- _PROBLEM DESCRIPTION_
What appears from the first line of the records below through the line containing "Yasuhisa Serizawa ist" must be reproduced verbatim.

───── INPUT DATA ─────

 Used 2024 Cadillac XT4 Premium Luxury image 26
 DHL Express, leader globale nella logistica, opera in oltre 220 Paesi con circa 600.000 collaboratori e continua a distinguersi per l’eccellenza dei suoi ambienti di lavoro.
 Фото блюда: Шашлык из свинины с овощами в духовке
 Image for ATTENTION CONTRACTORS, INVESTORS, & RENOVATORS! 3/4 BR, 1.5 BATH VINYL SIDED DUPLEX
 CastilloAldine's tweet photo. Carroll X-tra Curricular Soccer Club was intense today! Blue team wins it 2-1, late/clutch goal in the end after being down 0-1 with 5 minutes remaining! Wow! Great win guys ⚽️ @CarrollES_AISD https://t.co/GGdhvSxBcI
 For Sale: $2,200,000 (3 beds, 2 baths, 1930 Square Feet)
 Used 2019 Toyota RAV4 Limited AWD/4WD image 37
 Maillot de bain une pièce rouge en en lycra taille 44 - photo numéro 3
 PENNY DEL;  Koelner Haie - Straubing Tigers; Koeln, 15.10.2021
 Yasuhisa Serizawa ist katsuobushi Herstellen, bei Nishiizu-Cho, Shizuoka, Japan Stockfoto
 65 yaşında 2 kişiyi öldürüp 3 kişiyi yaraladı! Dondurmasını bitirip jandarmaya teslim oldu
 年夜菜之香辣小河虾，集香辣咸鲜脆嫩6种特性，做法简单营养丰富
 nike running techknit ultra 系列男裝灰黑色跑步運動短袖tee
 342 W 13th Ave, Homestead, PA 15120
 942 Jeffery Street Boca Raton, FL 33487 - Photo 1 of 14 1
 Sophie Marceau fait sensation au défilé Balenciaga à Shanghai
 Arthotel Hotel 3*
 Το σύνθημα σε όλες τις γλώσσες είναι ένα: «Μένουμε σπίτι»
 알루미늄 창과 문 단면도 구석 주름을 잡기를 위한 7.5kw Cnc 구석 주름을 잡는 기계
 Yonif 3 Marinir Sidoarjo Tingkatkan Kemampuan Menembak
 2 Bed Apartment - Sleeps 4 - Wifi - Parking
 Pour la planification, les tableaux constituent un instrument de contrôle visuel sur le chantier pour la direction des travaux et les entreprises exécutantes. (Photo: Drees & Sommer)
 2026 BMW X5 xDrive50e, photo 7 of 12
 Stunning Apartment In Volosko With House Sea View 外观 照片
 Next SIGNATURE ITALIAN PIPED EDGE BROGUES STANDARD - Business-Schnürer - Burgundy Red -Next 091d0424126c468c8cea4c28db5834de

─────

- _TASK RESPONSE_
 Used 2024 Cadillac XT4 Premium Luxury image 26
 DHL Express, leader globale nella logistica, opera in oltre 220 Paesi con circa 600.000 collaboratori e continua a distinguersi per l’eccellenza dei suoi ambienti di lavoro.
 Фото блюда: Шашлык из свинины с овощами в духовке
 Image for ATTENTION CONTRACTORS, INVESTORS, & RENOVATORS! 3/4 BR, 1.5 BATH VINYL SIDED DUPLEX
 CastilloAldine's tweet photo. Carroll X-tra Curricular Soccer Club was intense today! Blue team wins it 2-1, late/clutch goal in the end after being down 0-1 with 5 minutes remaining! Wow! Great win guys ⚽️ @CarrollES_AISD https://t.co/GGdhvSxBcI
 For Sale: $2,200,000 (3 beds, 2 baths, 1930 Square Feet)
 Used 2019 Toyota RAV4 Limited AWD/4WD image 37
 Maillot de bain une pièce rouge en en lycra taille 44 - photo numéro 3
 PENNY DEL;  Koelner Haie - Straubing Tigers; Koeln, 15.10.2021
 Yasuhisa Serizawa ist katsuobushi Herstellen, bei Nishiizu-Cho, Shizuoka, Japan Stockfoto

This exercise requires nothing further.